-- WHAT YOU ARE ASKED TO DO --
Exclude the pictures and retype the entries as written.

-- ENTRIES PROVIDED --
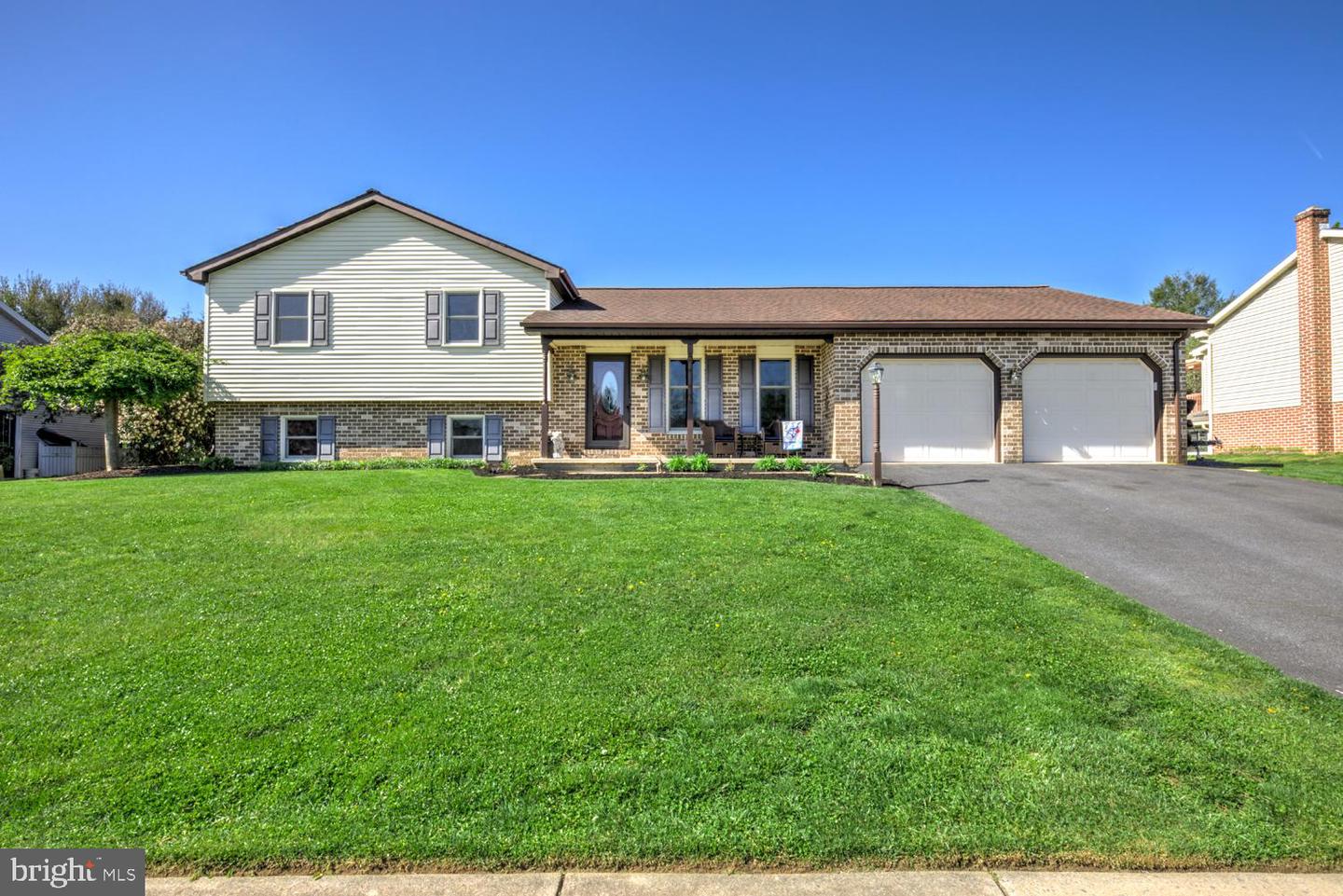 916 Dawn Avenue, Ephrata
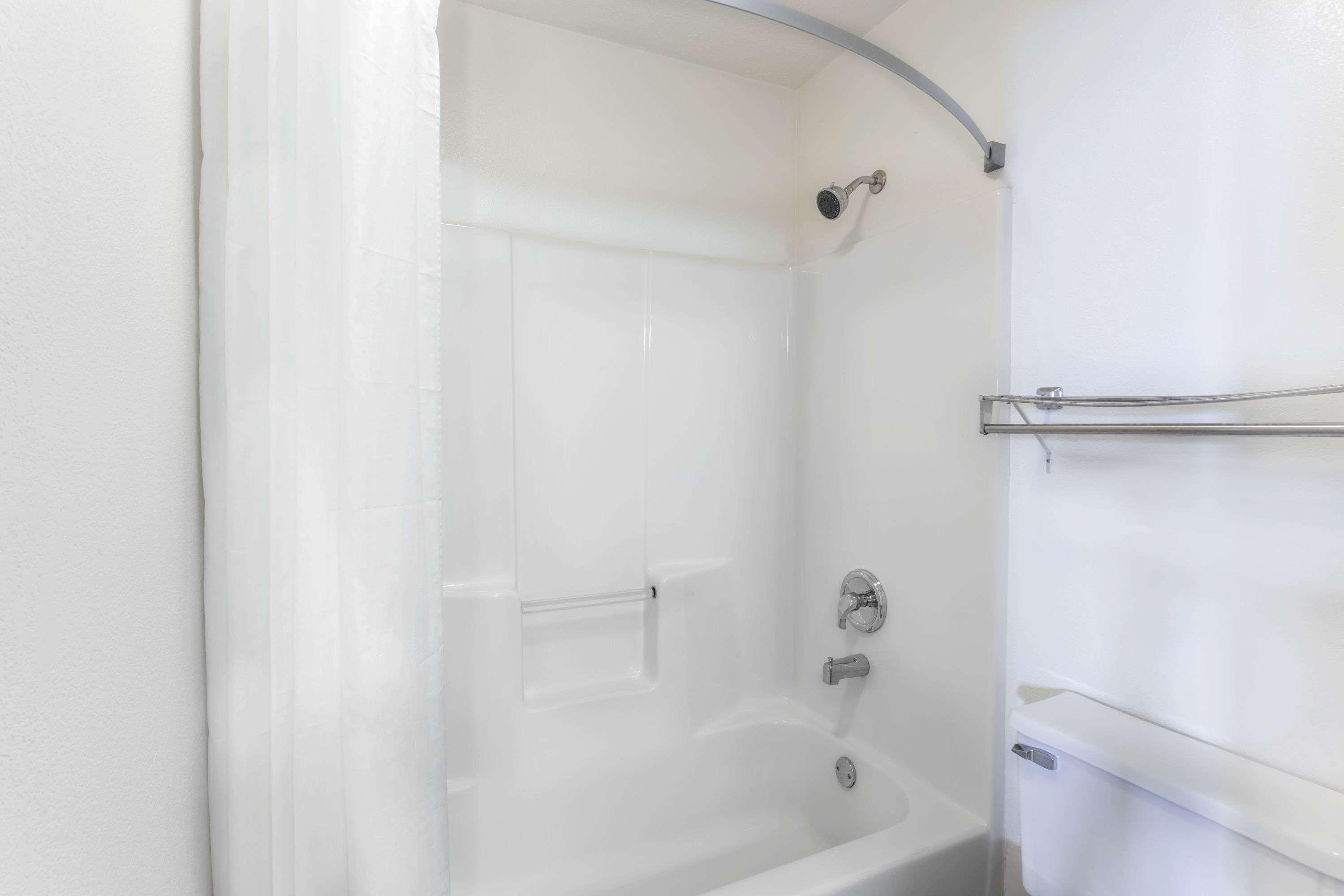 Super 8 By Wyndham Yorkville Luaran gambar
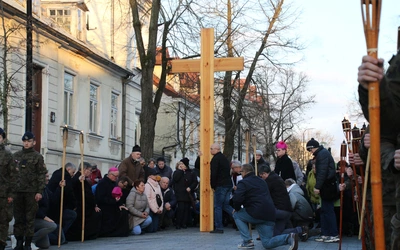 Płock. Z krzyżem przez miasto
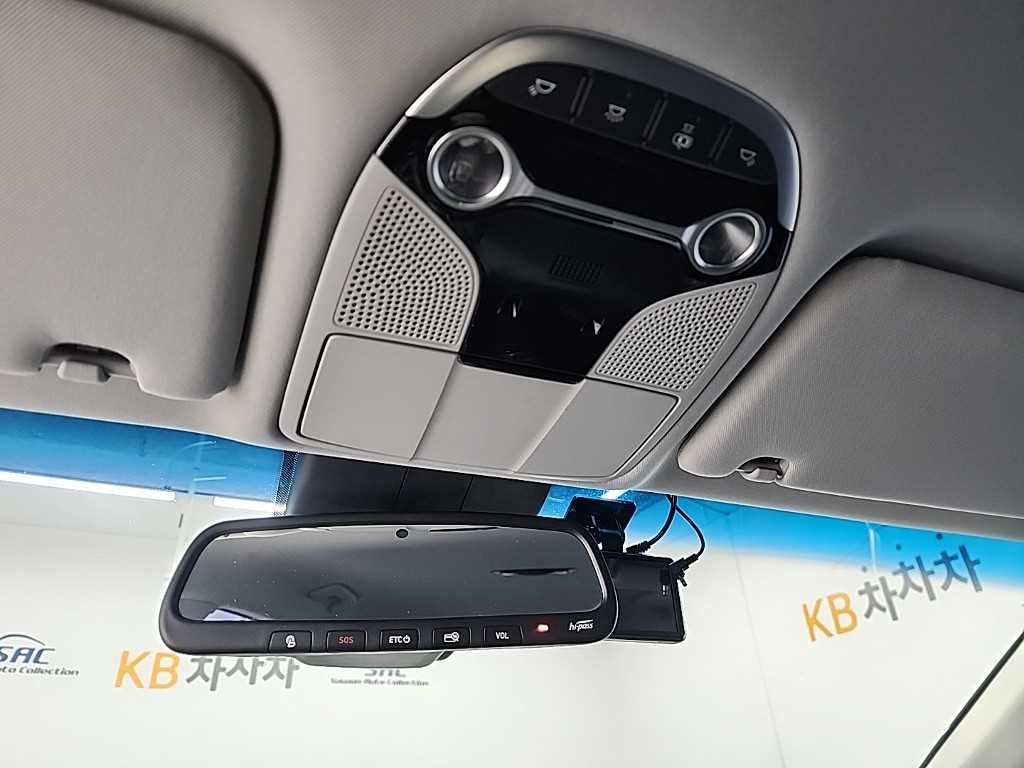 현대 그랜저IG 2.4 GDi 프리미엄 스페셜 - 이미지 9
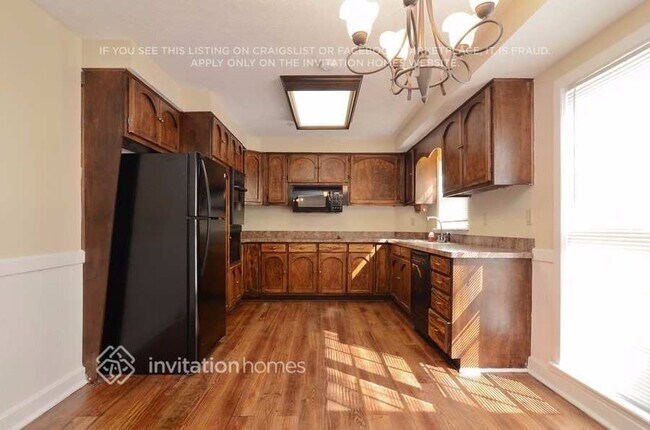 Photo - 6212 Shallowford Way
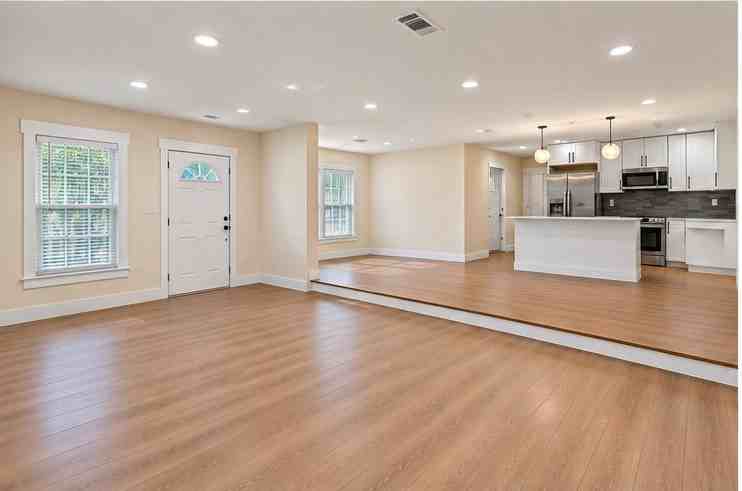 227 Staff Dr Ne - Photo 3 of 13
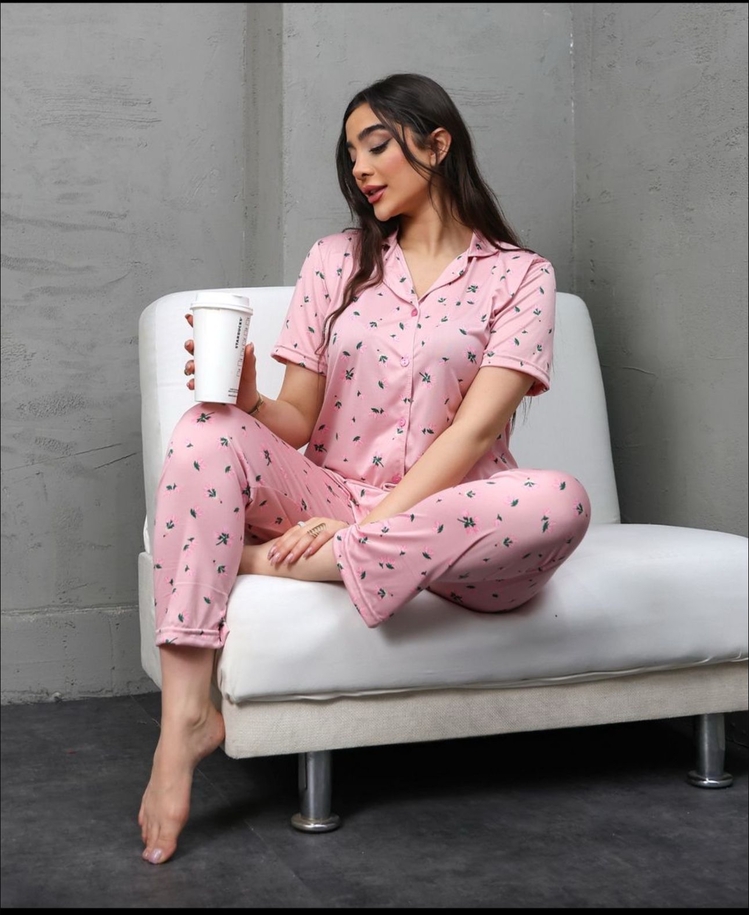 Yakalı düğnemli pijama takımı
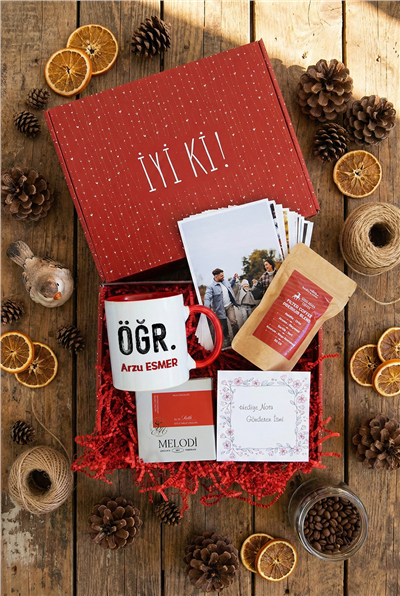Minimal Öğretmen Hediye Kutusu - Kişiye Özel Kupa Standart, Filtre Kahve, Melodi Çikolata, Fotoğraf 12 Adet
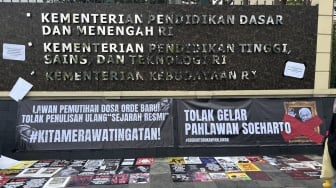 Demo Fadli Zon, "Kepala Babi" dan Dokumen Pelanggaran HAM Soeharto Dibawa Demonstran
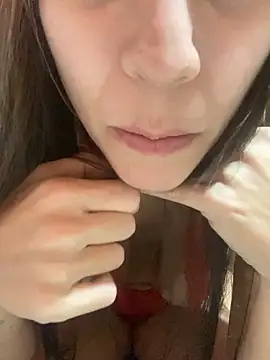 lucioliveira online show from October 2, 5:51 pm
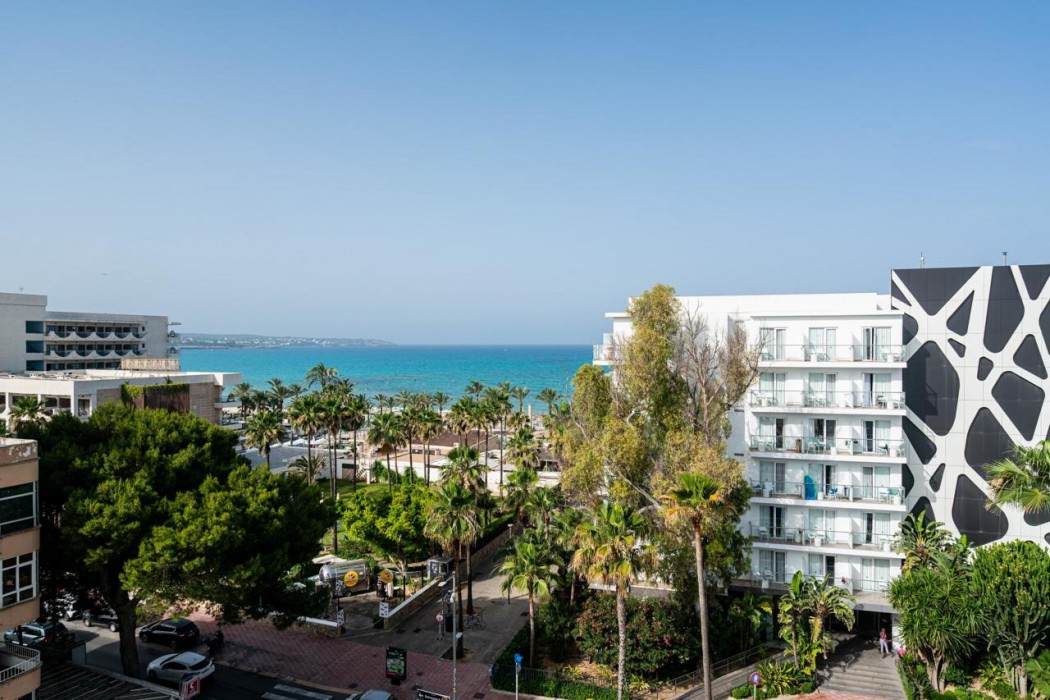 THB Niagara - Adults Only 26/62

-- TASK RESULT --
 916 Dawn Avenue, Ephrata
 Super 8 By Wyndham Yorkville Luaran gambar
 Płock. Z krzyżem przez miasto
 현대 그랜저IG 2.4 GDi 프리미엄 스페셜 - 이미지 9
 Photo - 6212 Shallowford Way
 227 Staff Dr Ne - Photo 3 of 13
 Yakalı düğnemli pijama takımı
Minimal Öğretmen Hediye Kutusu - Kişiye Özel Kupa Standart, Filtre Kahve, Melodi Çikolata, Fotoğraf 12 Adet
 Demo Fadli Zon, "Kepala Babi" dan Dokumen Pelanggaran HAM Soeharto Dibawa Demonstran
 lucioliveira online show from October 2, 5:51 pm
 THB Niagara - Adults Only 26/62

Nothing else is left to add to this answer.